Prima è toccato a Dell’Utri. Poi, alla Mostra del cinema di Venezia, a Gianni Letta. Infine, e più clamorosamente, a Renato Schifani, presidente del Senato e, in quanto tale, seconda carica dello Stato, contestato duro da “grillini” e “popolo viola” mentre cercava di intervenire alla festa torinese del Pd. A stigmatizzare questo episodio sono intervenuti tutti, dai dirigenti del Partito democratico al Presidente della Repubblica, con toni più o meno accalorati ma comunque molto severi. E’ giusto?
Vorrei essere chiaro. A me le gazzarre non piacciono. Detesto anche i talk show, quindi… Mi piace, al contrario, che ognuno possa esprimere le proprie opinioni in santa pace. Per dire di Schifani: l’ho ascoltato con interesse, nell’auditorium della sede di Famiglia Cristiana, quando è venuto a parlare di politiche familiari, spiegando a noi tutti quali cose bisognerebbe fare per la famiglia italiana e che la politica (ivi compreso il PdL, cioè il partito di cui è stato a lungo capogruppo al Senato) non fa. L’ho applaudito, apprezzando anche solo il fatto che abbia voluto parlarci. Cosa che avrebbero dovuto fare pure i “grillini” e i “viola” di Torino.
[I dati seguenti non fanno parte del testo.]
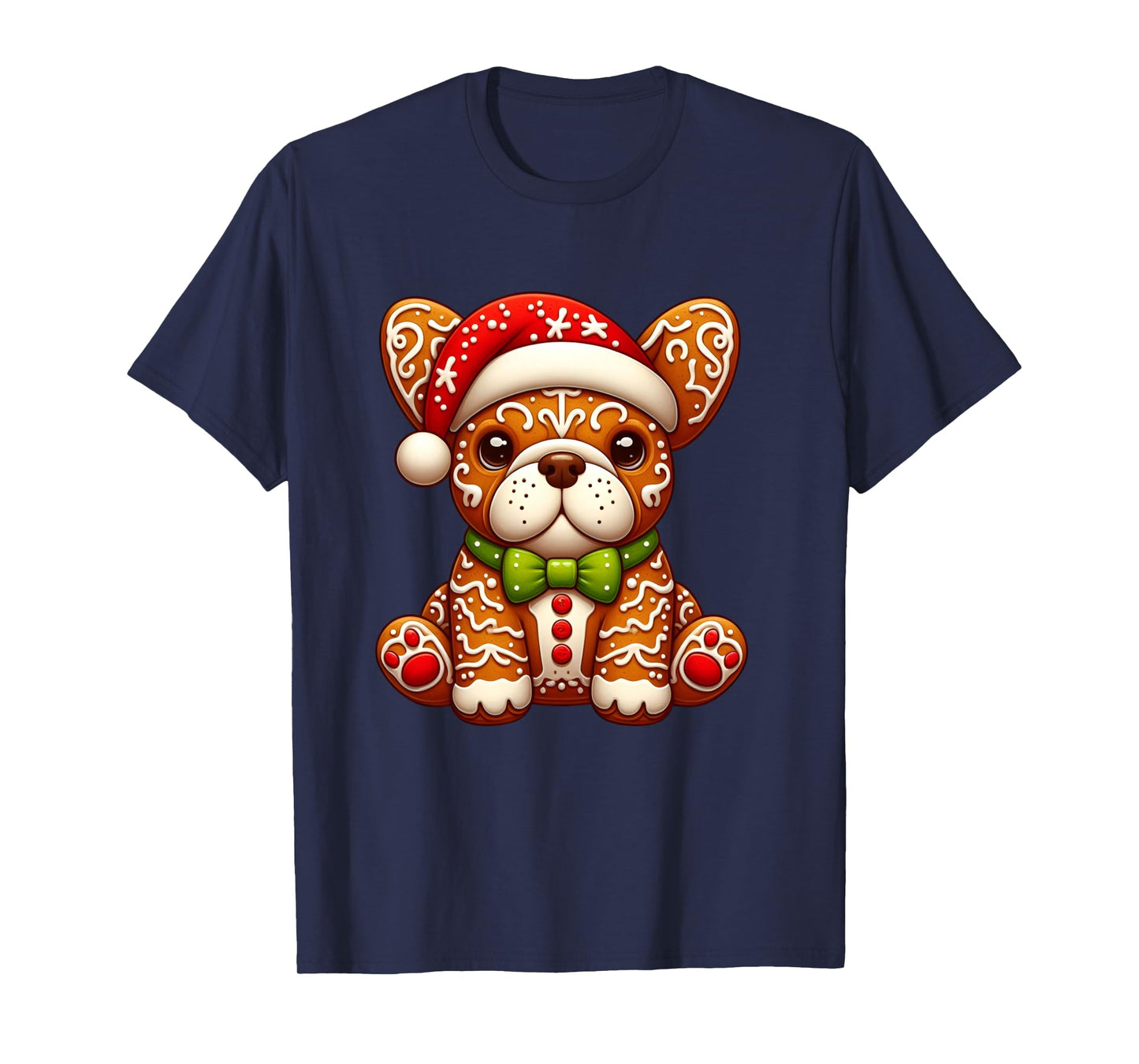 Gingerbread Man French Bulldog Christmas Womens Mens Kids Long Sleeve T-Shirt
Però, fateci caso: questo discorso, calato nell’Italia di oggi, non è un po’ lunare? Tale sembra a me che l’ho appena scritto. L’Italia di oggi è quella del “metodo Boffo” e del “metodo Fini”: avete per caso sentito il presidente Schifani criticare i metodi degli organi di stampa di proprietà della famiglia Berlusconi? Il presidente Schifani, che definisce “antidemocratici” i suoi contestatori, ha per caso detto che non è molto democratico cacciare chi dissente politicamente, com’è avvenuto al presidente della Camera Fini (non uno qualunque) con il PdL? E delle espressioni irriguardose dei suoi compagni di partito contro il presidente della Repubblica, prima carica dello Stato, che cosa pensa?
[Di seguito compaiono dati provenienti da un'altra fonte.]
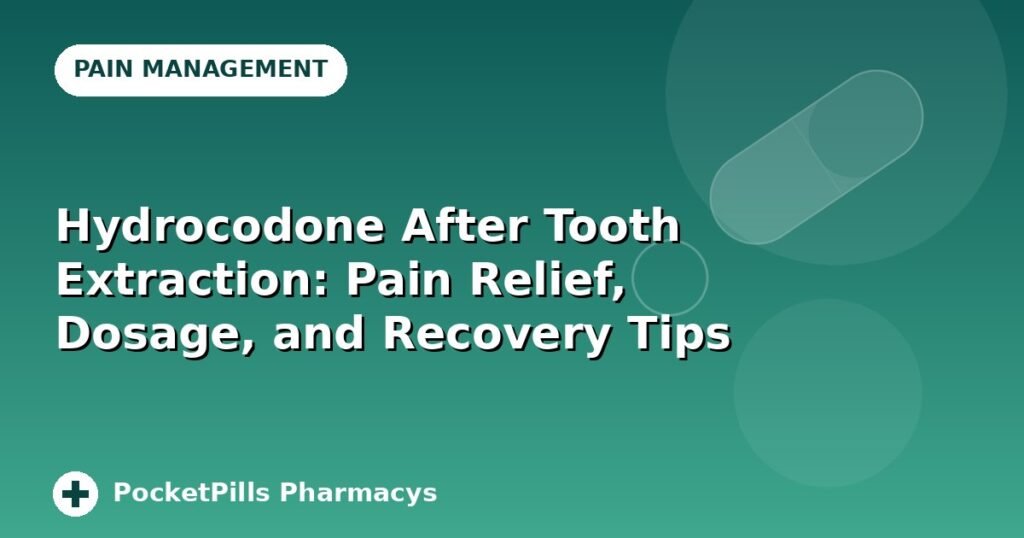 Hydrocodone After Tooth Extraction: Pain Relief, Dosage, and Recovery Tips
Un politico che pretenda di non essere mai contestato (e che intanto considera del tutto lecita e anzi significativa la contestazione agli altri, come fece Schifani quando Romano Prodi fu preso a male parole da una claque al Motor Show di Bologna) non è un politico ma uno che ha sbagliato mestiere, cosa che di Schifani non si può certo dire. E’ allora chiaro che il problema è un altro.
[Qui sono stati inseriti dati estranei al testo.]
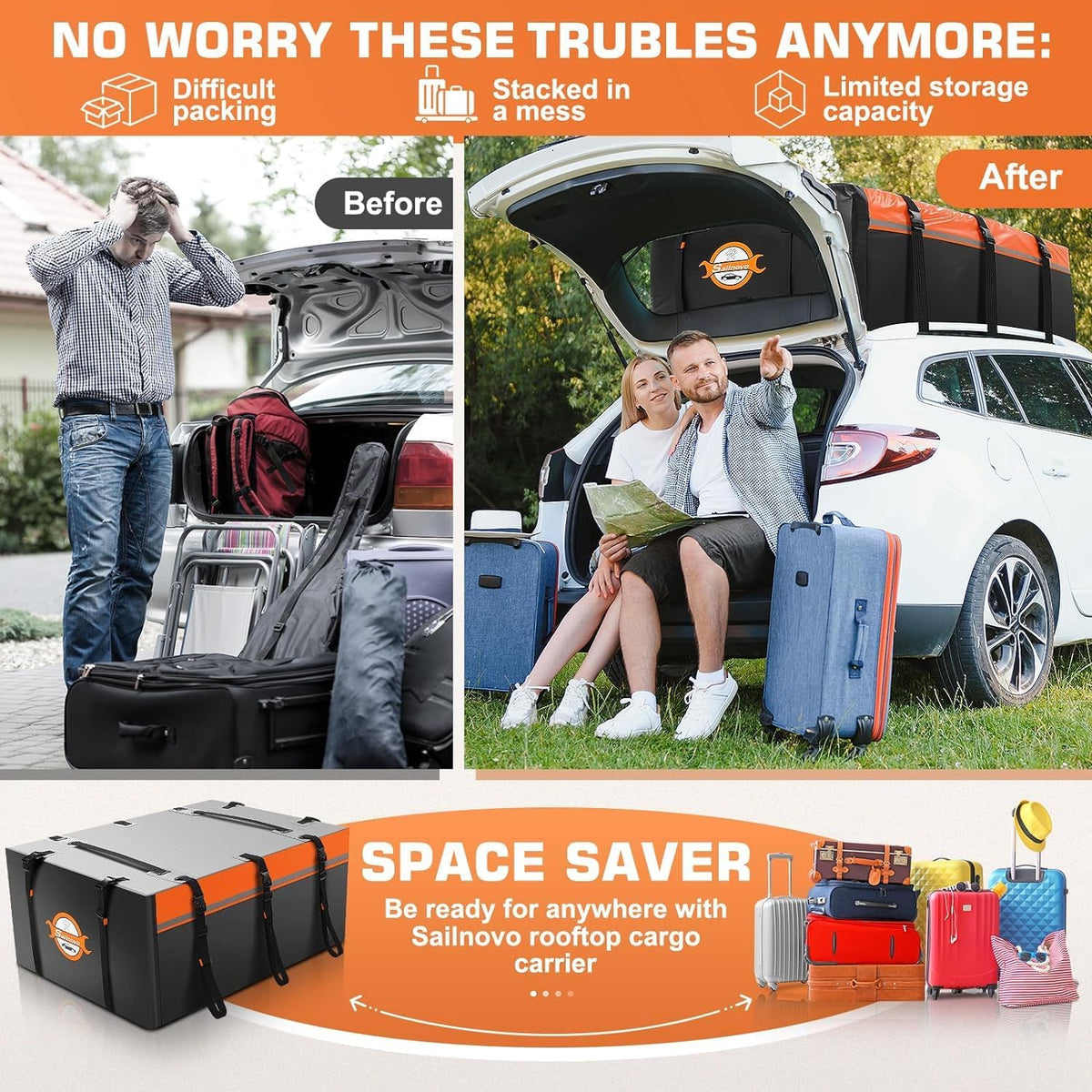 Sailnovo Coffre de Toit Souple de 0,6 m3 avec Tapis antidérapant + 6 Crochets de Porte, Sac de Toit imperméable en PVC pour Voiture avec/sans Porte-Bagages, Noir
Secondo me questo: l’afasia della sinistra è arrivata a un punto tale da essere totalmente introiettata. Sono i dirigenti della sinistra i primi a stupirsi quando certi di loro o (mamma mia!) i militanti prendono una strada un po’ più energica. Facciamo un altro esempio: qualche giorno fa il segretario Bersani ha tirato in ballo le fogne in rapporto alla politica di Berlusconi. Una frase balorda, però: apriti cielo! Sembrava che avesse bestemmiato, e questo in un Paese in cui la destra polemizza ogni giorno a base di insulti e stipendia un piccolo esercito di insultatori di professione. Quando Bossi tira in ballo le doppiette (cioè una volta al mese) non c’è nessuno Schifani a fargli la predica sugli usi e costumi della democrazia. Ma sono pronto a scommettere che se qualche leader locale del Pd, che so un Chiamparino o un Renzi, dicessero: va bene, tira fuori le tue doppiette che noi tiriamo fuori le nostre e poi vediamo chi ne ha di più, i primi a stigmatizzare sarebbero gli stessi leader della sinistra.
L’iniziativa politica non si misura sulle capacità polemiche o sulla scurrilità. Alla sinistra mancano prima tutto le idee, e poi l’unità per realizzarle. Ma un po’ più di convinzione non farebbe male. Se non altro per dimostrare di essere, oltre che funzionari, anche esseri umani.